The Proteas bowlers showed outstanding precision.
JOHANNESBURG – South Africa’s bowlers bailed out their batsmen, after the latter produced a lousy display, devoid of discipline and strategy, on the opening day of the first Test against Pakistan in Karachi on Tuesday.
Having gained a significant advantage by winning the toss and predictably choosing to bat, the Proteas were knocked over for 220 in the 70th over, with half the batsmen giving their wickets away.
Thankfully for the tourists, the bowlers showed outstanding precision, led by the magnificent Kagiso Rabada, who after scoring what could turn out to be 21 crucial runs, then removed the Pakistani openers.
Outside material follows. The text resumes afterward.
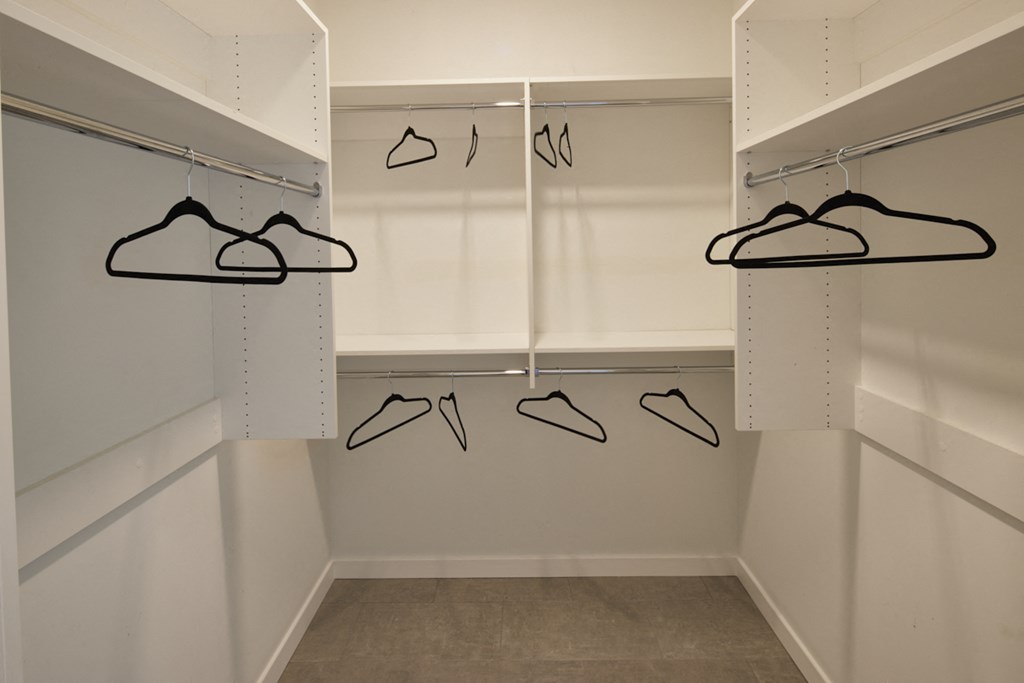 a walk in closet with a row of hangers of shoes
Keshav Maharaj followed that with the vital wicket of Pakistan skipper Babar Azam, trapped lbw for 7, while Anrich Nortjé knocked back nightwatchman, Shaheen Afridi’s off-stump, to leave the hosts 33/4 at stumps.
South Africa’s batting, however remains a concern. They were fortunate against the Sri Lankans, that so many of their bowlers got injured in the first Test earlier this season, allowing them to score 600 in Centurion. At the Wanderers they lost nine wickets for 84 runs to open the door for Sri Lanka in the second Test.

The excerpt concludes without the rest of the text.